→ **Source data**
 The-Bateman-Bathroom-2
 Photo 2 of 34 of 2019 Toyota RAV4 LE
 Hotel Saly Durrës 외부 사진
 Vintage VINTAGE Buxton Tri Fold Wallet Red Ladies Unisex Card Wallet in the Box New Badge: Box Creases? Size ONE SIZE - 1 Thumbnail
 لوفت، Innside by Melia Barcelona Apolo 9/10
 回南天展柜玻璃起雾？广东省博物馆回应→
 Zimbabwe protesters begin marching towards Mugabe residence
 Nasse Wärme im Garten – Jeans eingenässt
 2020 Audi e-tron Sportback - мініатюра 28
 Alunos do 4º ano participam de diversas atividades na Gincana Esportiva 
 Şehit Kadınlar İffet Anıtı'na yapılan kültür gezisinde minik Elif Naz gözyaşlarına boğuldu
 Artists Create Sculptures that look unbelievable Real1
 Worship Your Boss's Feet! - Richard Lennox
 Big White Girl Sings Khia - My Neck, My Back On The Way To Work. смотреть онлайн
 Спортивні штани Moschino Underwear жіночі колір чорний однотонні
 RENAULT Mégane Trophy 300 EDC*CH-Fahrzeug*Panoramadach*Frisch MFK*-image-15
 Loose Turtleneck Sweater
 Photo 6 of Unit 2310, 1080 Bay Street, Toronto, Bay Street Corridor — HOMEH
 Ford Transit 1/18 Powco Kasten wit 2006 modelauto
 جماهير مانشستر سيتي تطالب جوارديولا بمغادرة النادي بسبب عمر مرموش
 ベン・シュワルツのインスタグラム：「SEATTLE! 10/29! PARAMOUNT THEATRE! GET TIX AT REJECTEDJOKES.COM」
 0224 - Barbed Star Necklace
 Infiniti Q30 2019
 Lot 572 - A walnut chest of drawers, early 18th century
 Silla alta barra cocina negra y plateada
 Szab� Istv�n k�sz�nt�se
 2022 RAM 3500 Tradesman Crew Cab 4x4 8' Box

→ **What you will do**
Would you transcribe, unchanged, every line of the material from the one containing "Photo 6 of Unit" to the very end, including both, and nothing else?

→ **Written solution**
 Photo 6 of Unit 2310, 1080 Bay Street, Toronto, Bay Street Corridor — HOMEH
 Ford Transit 1/18 Powco Kasten wit 2006 modelauto
 جماهير مانشستر سيتي تطالب جوارديولا بمغادرة النادي بسبب عمر مرموش
 ベン・シュワルツのインスタグラム：「SEATTLE! 10/29! PARAMOUNT THEATRE! GET TIX AT REJECTEDJOKES.COM」
 0224 - Barbed Star Necklace
 Infiniti Q30 2019
 Lot 572 - A walnut chest of drawers, early 18th century
 Silla alta barra cocina negra y plateada
 Szab� Istv�n k�sz�nt�se
 2022 RAM 3500 Tradesman Crew Cab 4x4 8' Box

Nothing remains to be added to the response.